With the sudden act of violence dumbfounding the entire stadium, the home plate umpire ruled Johnson's offering a "no-pitch," a decision that irked Murray, who felt it should've been called a ball. Meanwhile, Jeff Kent, the Giants' decorated second baseman and reigning National League MVP, did the dirty work, picking up the lifeless bird with his bare hands and taking it to the dugout.

And although the game wasn't being broadcast on television, the moment was still captured thanks to Jim Currigan, then the Diamondbacks' video coordinator. He would park himself beyond the center-field wall at Tucson Electric Park and shoot the game himself.

"Randy Johnson's on the mound, I just sit out there and record each pitch," Currigan told Fox.

He continued: "When I get back to my office (after the game), I've got all these people saying, 'Please tell me you got that!
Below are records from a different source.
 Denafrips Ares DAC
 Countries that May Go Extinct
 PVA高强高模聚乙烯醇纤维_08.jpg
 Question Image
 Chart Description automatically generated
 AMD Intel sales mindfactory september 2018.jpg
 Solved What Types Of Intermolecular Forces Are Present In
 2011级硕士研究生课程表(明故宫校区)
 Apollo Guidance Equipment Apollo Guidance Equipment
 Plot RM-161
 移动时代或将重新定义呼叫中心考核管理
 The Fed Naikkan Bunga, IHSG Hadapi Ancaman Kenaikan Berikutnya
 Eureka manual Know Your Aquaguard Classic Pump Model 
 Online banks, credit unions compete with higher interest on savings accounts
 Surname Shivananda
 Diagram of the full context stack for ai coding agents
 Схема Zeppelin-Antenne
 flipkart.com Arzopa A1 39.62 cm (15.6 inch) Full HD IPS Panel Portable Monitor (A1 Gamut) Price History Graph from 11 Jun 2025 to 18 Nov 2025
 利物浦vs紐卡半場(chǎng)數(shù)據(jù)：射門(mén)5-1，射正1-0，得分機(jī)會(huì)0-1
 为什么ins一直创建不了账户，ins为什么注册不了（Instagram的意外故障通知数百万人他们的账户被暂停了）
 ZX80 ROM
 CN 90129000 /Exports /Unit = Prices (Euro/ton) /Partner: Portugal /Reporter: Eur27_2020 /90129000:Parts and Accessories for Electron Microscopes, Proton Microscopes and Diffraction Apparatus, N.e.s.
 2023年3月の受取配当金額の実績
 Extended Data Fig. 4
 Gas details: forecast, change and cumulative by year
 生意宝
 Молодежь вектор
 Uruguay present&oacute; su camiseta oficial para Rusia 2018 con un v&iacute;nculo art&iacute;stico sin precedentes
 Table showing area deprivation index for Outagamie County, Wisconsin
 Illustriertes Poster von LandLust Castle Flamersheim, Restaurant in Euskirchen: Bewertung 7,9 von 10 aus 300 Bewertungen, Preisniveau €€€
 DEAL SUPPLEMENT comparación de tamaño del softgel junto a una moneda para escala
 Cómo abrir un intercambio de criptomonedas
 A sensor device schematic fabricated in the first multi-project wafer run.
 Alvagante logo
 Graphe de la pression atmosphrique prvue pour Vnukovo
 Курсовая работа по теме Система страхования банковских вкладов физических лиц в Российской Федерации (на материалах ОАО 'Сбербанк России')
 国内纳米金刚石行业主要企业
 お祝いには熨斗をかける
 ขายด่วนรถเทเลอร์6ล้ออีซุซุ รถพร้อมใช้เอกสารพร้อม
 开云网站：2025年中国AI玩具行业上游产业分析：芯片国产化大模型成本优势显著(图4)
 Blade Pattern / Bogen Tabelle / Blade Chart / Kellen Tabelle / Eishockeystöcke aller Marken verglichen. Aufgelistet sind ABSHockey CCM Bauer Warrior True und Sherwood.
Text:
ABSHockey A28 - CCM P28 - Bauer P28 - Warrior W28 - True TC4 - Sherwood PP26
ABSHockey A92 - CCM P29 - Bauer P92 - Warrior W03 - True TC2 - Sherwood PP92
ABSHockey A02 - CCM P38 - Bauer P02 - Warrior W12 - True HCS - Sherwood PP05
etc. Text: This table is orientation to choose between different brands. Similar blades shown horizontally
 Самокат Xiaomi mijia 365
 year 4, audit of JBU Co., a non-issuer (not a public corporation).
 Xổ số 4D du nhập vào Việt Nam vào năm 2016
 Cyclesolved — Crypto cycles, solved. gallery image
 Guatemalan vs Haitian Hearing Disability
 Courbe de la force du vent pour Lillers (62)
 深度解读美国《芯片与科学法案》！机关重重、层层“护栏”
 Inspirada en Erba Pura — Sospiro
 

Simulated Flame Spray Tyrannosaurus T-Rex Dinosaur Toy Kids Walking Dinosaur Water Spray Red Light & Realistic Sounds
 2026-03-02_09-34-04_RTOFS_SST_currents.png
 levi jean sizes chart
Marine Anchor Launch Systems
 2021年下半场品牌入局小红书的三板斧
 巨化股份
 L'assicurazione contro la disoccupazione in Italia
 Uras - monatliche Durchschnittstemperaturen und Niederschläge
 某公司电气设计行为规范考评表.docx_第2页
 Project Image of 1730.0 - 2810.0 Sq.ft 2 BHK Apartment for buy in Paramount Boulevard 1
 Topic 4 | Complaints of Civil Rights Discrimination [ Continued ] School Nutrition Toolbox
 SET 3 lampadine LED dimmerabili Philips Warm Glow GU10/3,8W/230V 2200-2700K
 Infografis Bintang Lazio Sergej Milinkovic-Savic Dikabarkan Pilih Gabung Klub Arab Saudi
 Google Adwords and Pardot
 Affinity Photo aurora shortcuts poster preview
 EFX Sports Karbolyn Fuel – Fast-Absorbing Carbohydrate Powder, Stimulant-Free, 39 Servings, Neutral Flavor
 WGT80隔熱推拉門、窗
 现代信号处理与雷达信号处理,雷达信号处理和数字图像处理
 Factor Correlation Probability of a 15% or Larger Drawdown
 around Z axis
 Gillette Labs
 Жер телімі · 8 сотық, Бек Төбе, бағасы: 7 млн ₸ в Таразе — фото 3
Please tell me you got that!' And Mike Swanson, who was our media relations director at the time, is telling me, 'If you got that, I need dubs immediately.'"

Even in the nascent days of the internet age - YouTube, for one, was still four years away from being founded - Swanson knew that video would go viral.

"I said (to Currigan), 'Well, believe it or not, this is going to be pretty big national news when it's all said and done,'" Swanson said. "… It's Randy Johnson."

It did indeed transfix the nation, shocking and awing and buttressing Johnson's badass reputation even further. In the nearly two decades since, Currigan's grainy footage has arguably become the game's archetypal viral video and a baseball YouTube go-to, with one uploaded version (there are multiple, of course) boasting more than 5.5 million views.

While he can laugh about it now, nearly 20 years later, Johnson wasn't amused at the time.

Not only is he a conservationist, according to Swanson, but the hurler also feared potential litigation from PETA, as at one point the group was considering filing charges on the bird's behalf, Johnson said. Any litigation would've been of dubious merit. A charge of causing "unnecessary suffering to an animal" against New York Yankees outfielder Dave Winfield, who killed a seagull at Exhibition Stadium in Toronto with an errant warm-up throw in 1983, was ultimately dropped.

“I had to hire a lawyer," Johnson said. "… What became kind of funny, actually became a very serious moment."

Eventually, though, Johnson leaned in, embracing the moment as part of his legacy. The logo that adorns the website for his photography enterprise depicts a bird lying on its back, its feathers all over the place.